Pictures with short captions:
------------------------------------------------------------
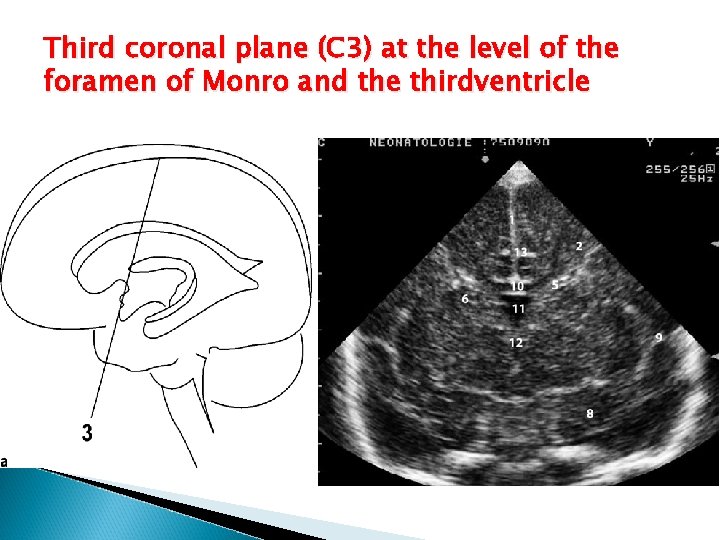 Third coronal plane (C 3) at the level of the foramen of Monro and
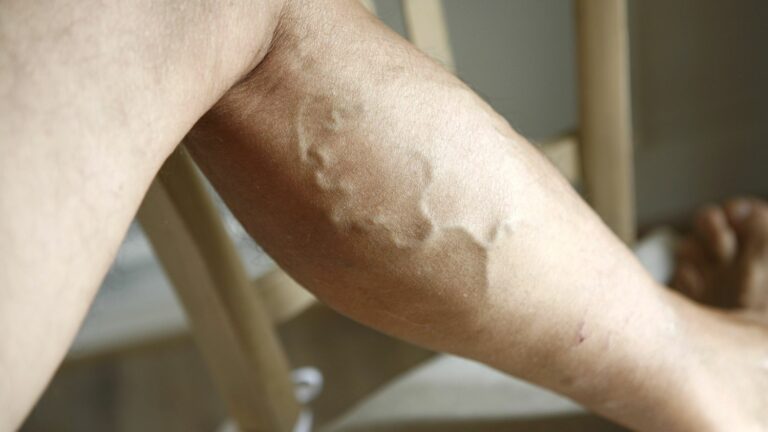 Understanding and treating leg varicose veins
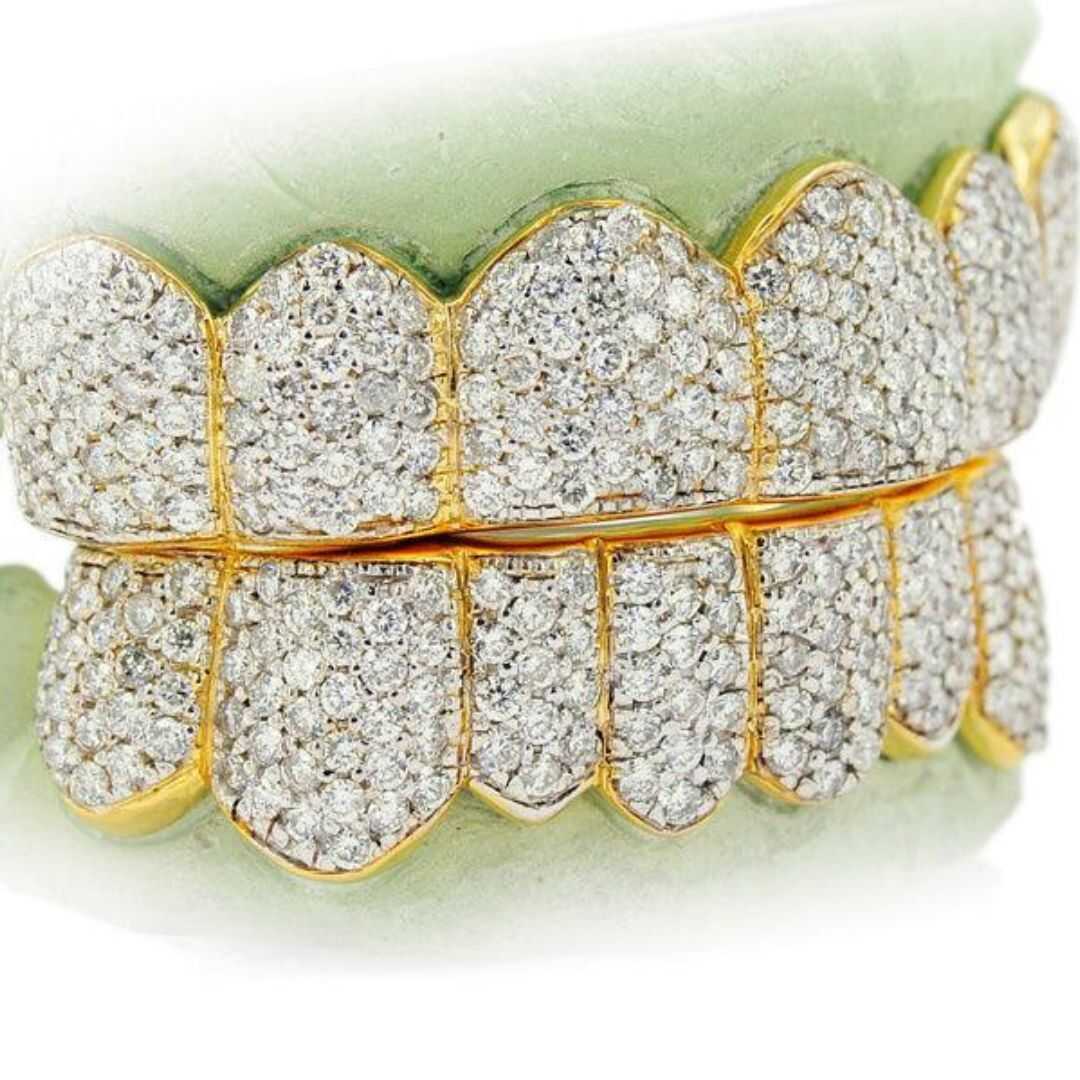 Diamond Teeth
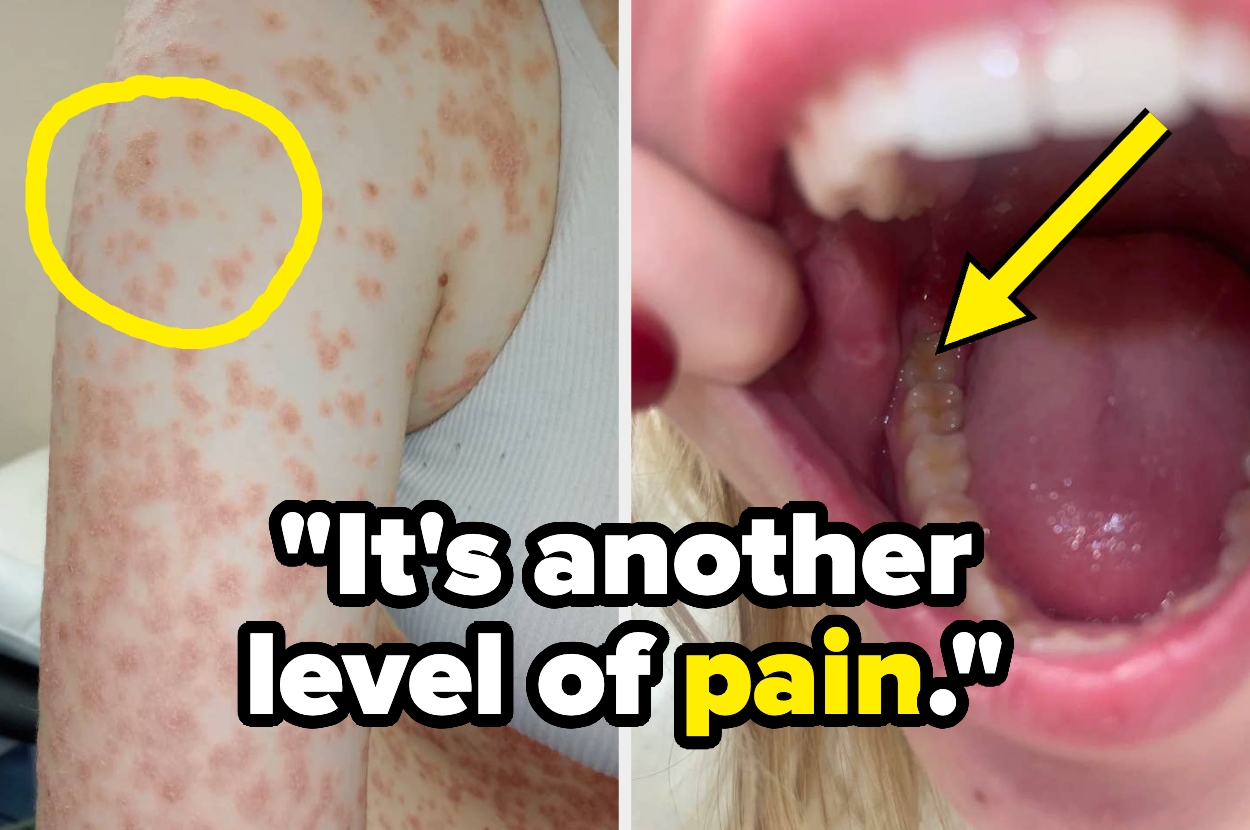 “Kiçik” hesab edilən xəstəliklərin 21 acı həqiqəti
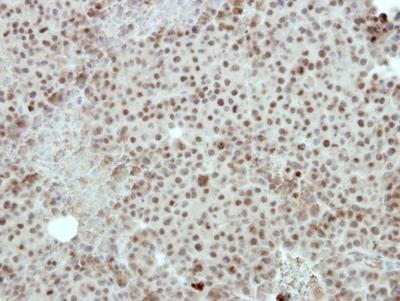 Immunohistochemistry (Formalin/PFA-fixed paraffin-embedded sections) - Anti-FOXI1 antibody (AB153935), expandable thumbnail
------------------------------------------------------------
Problem description: Images stay out, but the rest of the records must be retyped exactly.

Answer box:
 Third coronal plane (C 3) at the level of the foramen of Monro and
 Understanding and treating leg varicose veins
 Diamond Teeth
 “Kiçik” hesab edilən xəstəliklərin 21 acı həqiqəti
 Immunohistochemistry (Formalin/PFA-fixed paraffin-embedded sections) - Anti-FOXI1 antibody (AB153935), expandable thumbnail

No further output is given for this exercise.